Still, Team Obama has shown no signs of backing down, insisting -- in spite of Obama's pledge not to "spike the football" -- that the decision to authorize the top secret 2011 raid merits praise in the public space.
"I hardly think that you've seen any excessive celebration taking place here," Obama said Monday.
"The American people rightly remember what we as a country accomplished in bringing to justice somebody who killed over 3,000 of our citizens, and it's a mark of the excellence of our intelligence teams and our military teams, a political process that worked," he said. "And I think for us to use that time for some reflection, to give thanks to those who participated, is entirely appropriate, and that's what's been taking place."
Still, while debate bin Laden political will continue to swirl, polls show most Americans remain fixated on the economy as the key issue for November.

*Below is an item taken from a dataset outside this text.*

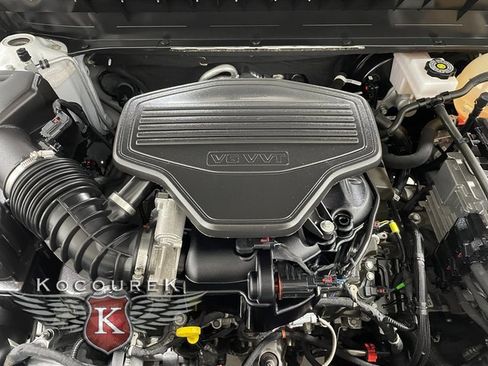 Used 2023 GMC Acadia SLE image 23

A majority -- 51 percent -- of Americans in a January 2012 ABC News/Washington Post poll said that the economy was the single most important issue in their choice for President. A paltry 2 percent picked the issue of terrorism/national security.
Eight years ago, in the first presidential campaign after the 9/11 attacks, 22 percent of Americans said terrorism was their top concern. And, while the economy was important to their vote, just 26 percent said it was their top issue in the 2004 campaign.
"This is going to be an election that's not decided or even influenced on international relations or national security. It's all about the economy," Hess said. "Unless there's some unanticipated consequence which brings it back to that very clearly -- such as another terrorist attack."
"In that case, the president can act and the opposition just stands there. It could be a good thing for Obama," he said.